Karanlık Her Aralıkta Aramıza Sızar
Aralık ayları, 2001 yılından bu yana metalciler tarafından DEATH grubunun kurucusu Chuck Schuldiner’ı anma zamanı olarak taçlandırılır. Metal müzik sahnesinin kendisine varoluş alanı bulabildiği hemen her yerde O’nu anma konserleri düzenlenir, besteleri farklı gruplar tarafından yorumlanır ve Death Metal’in ihtişamlı günlerinin hatırına mosh pit’e girilir. Herhangi bir müzisyenle kurduğunuz manevi ve yoğun duygusal bir ilişkiniz yok ise bu dediklerimin pek de önemi yoktur zaten.
Dünyanın öte ucunda da olsa kimi müzisyenler vardır ki –eğer bu dünyadan “siktir olup” gittilerse- onları duyduğumuzda, fotoğrafını gördüğümüzde ya da bir sohbette onunla ilgili herhangi cümleye denk geldiğimizde içimizde herhangi burukluk zuhur ediyorsa hadise sadece ve basitçe müzik değildir. Onlarla ilgili kendimize yönelttiğimiz sorular ve burukluğumuzun arkasında gizlenen duygular bizi sayısız diyara itekler. O müzisyenleri hatmettiğimiz geceler, gecelerimize girmesini istediğimiz dostlar, kırdığımız burunlar ve tüm duygu girdabı artık tek bir insanda toplaşır. Bu sanki Edward Munch’un “kaygı çağı denen dönemin görsel olarak programlanmış bir amblemi” olarak Çığlık tablosuna bakmak gibidir. Yıllar geçse de, aşırılıkla duvarlara asılarak sıradanlaştırılmış olsa bile tablo hala yaşanılan açık bir ıssızlık ve tecrit halidir. İzlerken içinizi karartan görünüm, üzerine konuştukça daha derin bir yere kapı açmaya başlar geceleri. “Gecenin saati farklı işler. Gecenin insanları ayrı durur […] ‘kahve kaşıklarıyla ölçülen’ saatler ve dakikalar değil; zamanın ortadan kaldırılamasa da meydan okunan tiranlıklarıdır.”[i]

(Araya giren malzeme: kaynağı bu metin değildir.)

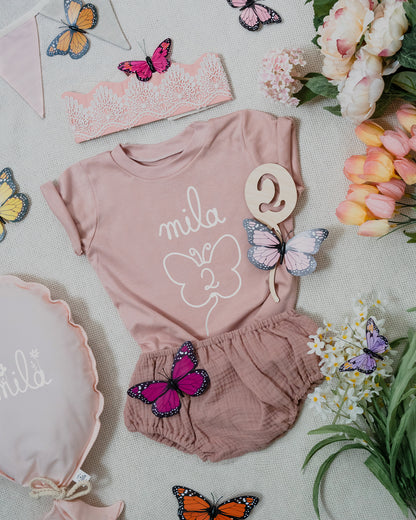 T-shirt anniversaire PAPILLON personnalisé - manches courtes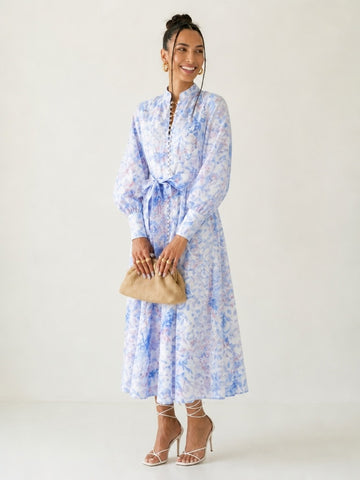 Radiant Floral Lantern Sleeve Maxi Dress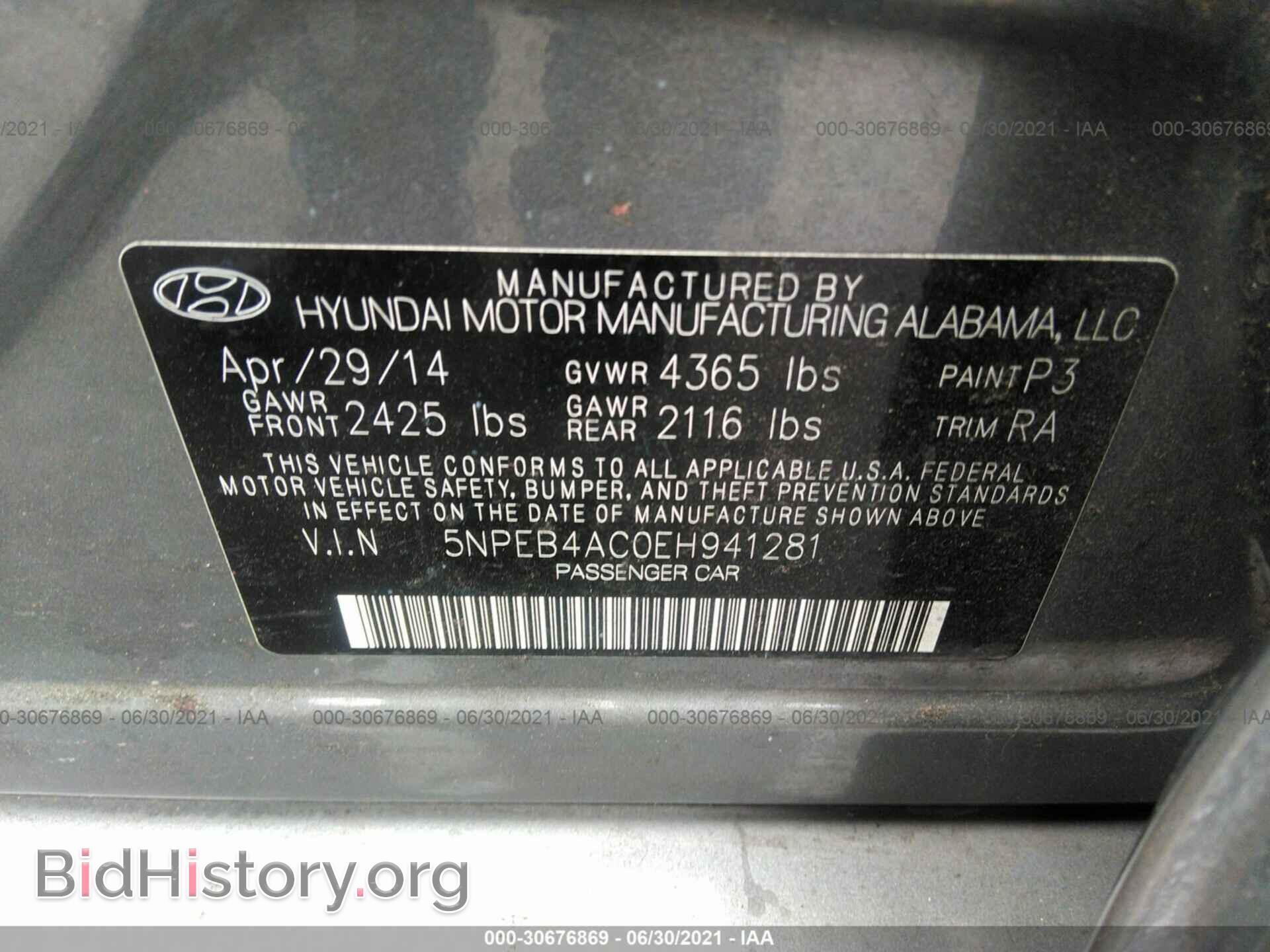 2014 HYUNDAI SONATA - VIN: 5NPEB4AC0EH941281 - Фото 9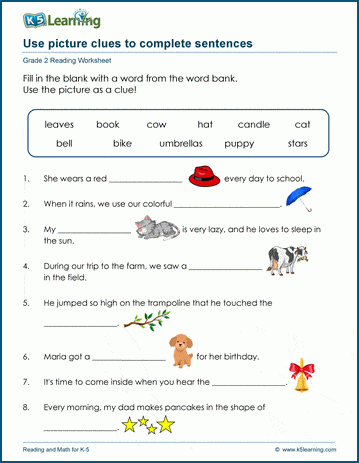 Picture clues to complete sentences worksheet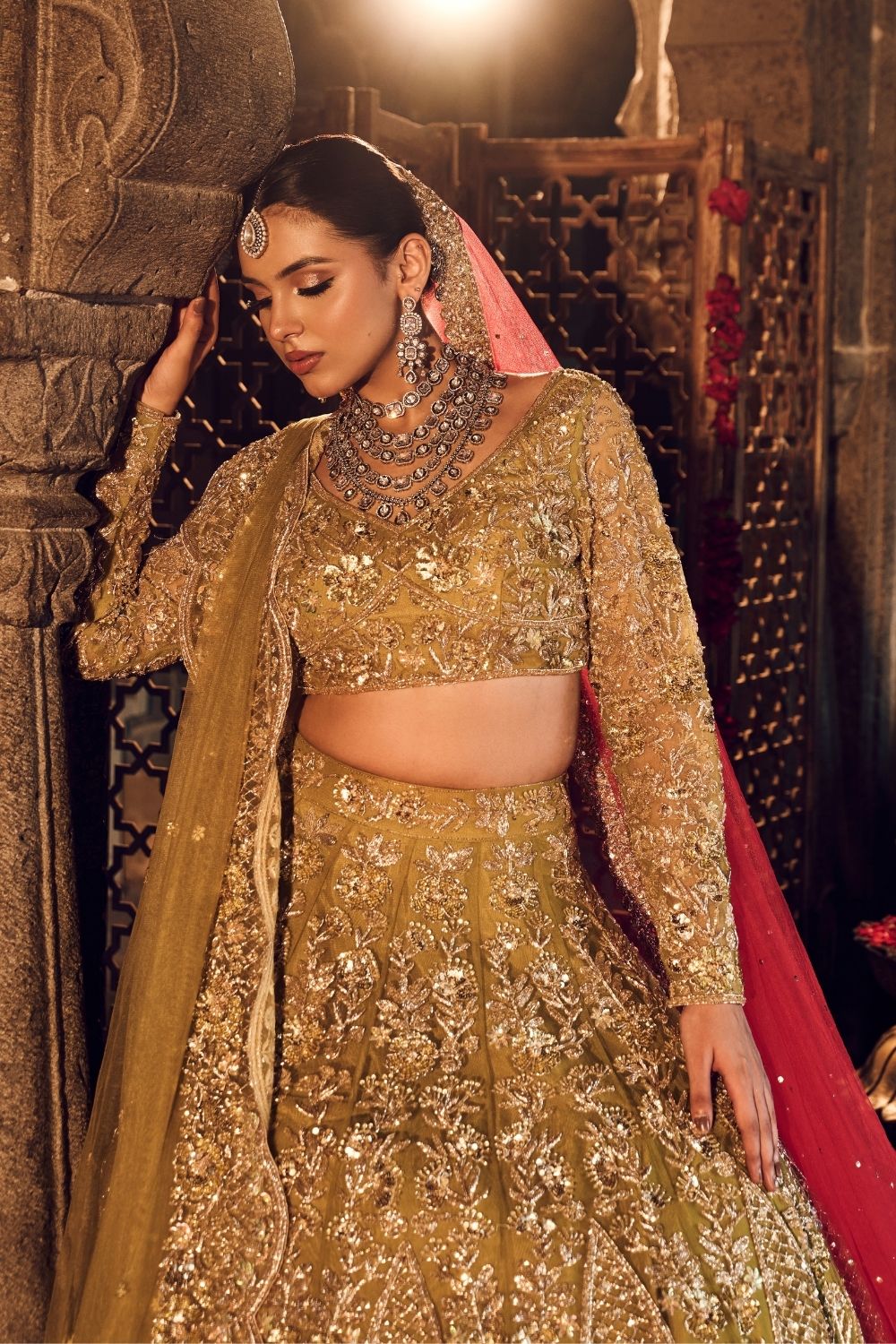 Gulbadan Plam Green Kora Organza Lining Shantoon Bridal Lehenga Set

Paolo Sorrentino’nun son filmi Youth (Gençlik) filminde Harvey Keitel’in canlandırdığı eski bir yönetmen olan Mick Boyle, kadim dostu ile “bir film daha çekeceğim. Zaten duygularımızdan başka neyimiz kaldı” dedikten sonra hayatına son verir. Chuck Schuldiner hastalığından hemen önce kaydettiği The Sound of Perseverance (1998) albümünde ise “Size daha önce de söylemiştim ama tekrar edeceğim: Nefsiniz sadece sonun başlangıcı. Sizi içine çeker fakat sonra fırlatıp atar… Dokun!…Tat!
Solu!…Tüken!” der (The Flesh And The Power It Holds). Sade fakat tutkulu gitar cümlesiyle, sekiz dakikayı aşan süresiyle şarkı bir sonun başlangıcı gibidir. Ritim gitarın soğukkanlı öfkesi sizi şarkıya davet ettiğinde, Chuck tüm kararlılığıyla “ne haliniz varsa görün” der sanki. Nefsinizin gücünün nelere kadir olduğunun hakkını verirken bizleri sadece uyarır: Tükürüp atar sizi… Özdemir Asaf’ın “Korku”su da budur. Nefsin karşısında diz çöküp
Aldanacaksan gecelerinde, kara gecelerinde
Aydınlık dünyaların şen insanlarına.
Yanılıp içini açacaksan,
Derdini gizlemeden durmayacaksan,
Yaşama!
Death Metal yaşamın artık olmadığı bir diyarın müziği değildir. Hayatta görmezden geldiğimiz karanlık bir dünyanın “sert” bir parodisidir. Kimi vodvil gibi oynar kimisi trajedi, fakat döngünün kendisinden dem vurmak yerine doğrudan kendimize dönük karanlığın -içinde olduğumuz karanlığın-, bizimle olan dertleşmesidir. Aydınlık tiranlarının karşısına, tekin olmayan nefis oyunlarıyla çıkar, müzik ile birlikte dertlenerek değil “Yaşamayarak” meydan okuruz “aydınlık dünyaların şen insanlarına”!
Heavy Metal’in içinden kimin ölüme meydana okuyarak “Death” krallığını kurduğu biz metalciler için hala hararetli ve coşkulu bir tartışmanın kaymağıdır. Ekmeğimizin-tenimizin üzerine sürerek ruhsal doygunluklar yaşamamız için iyi birer yolluk olmuştur her zaman. Ekmek kutsiyetinin hüküm sürdüğü, rezene otuyla kafa açıcı hallere getirildiği, pastayı aramaktansa şarap ile yunulduğu anlardaki gibi POSSESSED mi DEATH mi diye yapılan her tartışmanın sonunda “duygulardan başka paylaşacak bir şeyimiz” yok diyebilmenin hazzıdır “siktir olup” gitmiş bir müzisyeni anmak.
Delilikten veliliğe giden yolun kibirli edebiyatı değil, döngüsel olanın verdiği esrikliği değil, “hiçbirşey olan herşeyin”, Chuck Schuldiner’in en ölümsüz haline içiyorum.
“Aydınlık dünyaların şen insanları” bir siktir olup gidin!!!